___ Entries provided ___
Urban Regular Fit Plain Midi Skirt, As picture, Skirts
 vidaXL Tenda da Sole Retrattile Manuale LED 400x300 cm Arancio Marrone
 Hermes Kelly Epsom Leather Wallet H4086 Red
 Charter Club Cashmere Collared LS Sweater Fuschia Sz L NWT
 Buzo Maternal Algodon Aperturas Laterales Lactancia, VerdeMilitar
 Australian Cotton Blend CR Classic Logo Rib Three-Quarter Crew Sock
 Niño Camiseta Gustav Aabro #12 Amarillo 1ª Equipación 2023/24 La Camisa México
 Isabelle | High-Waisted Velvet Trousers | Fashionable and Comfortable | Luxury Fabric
___
**Work to complete**
Please print out every entry again, exactly as it reads.

**Reply**
Urban Regular Fit Plain Midi Skirt, As picture, Skirts
 vidaXL Tenda da Sole Retrattile Manuale LED 400x300 cm Arancio Marrone
 Hermes Kelly Epsom Leather Wallet H4086 Red
 Charter Club Cashmere Collared LS Sweater Fuschia Sz L NWT
 Buzo Maternal Algodon Aperturas Laterales Lactancia, VerdeMilitar
 Australian Cotton Blend CR Classic Logo Rib Three-Quarter Crew Sock
 Niño Camiseta Gustav Aabro #12 Amarillo 1ª Equipación 2023/24 La Camisa México
 Isabelle | High-Waisted Velvet Trousers | Fashionable and Comfortable | Luxury Fabric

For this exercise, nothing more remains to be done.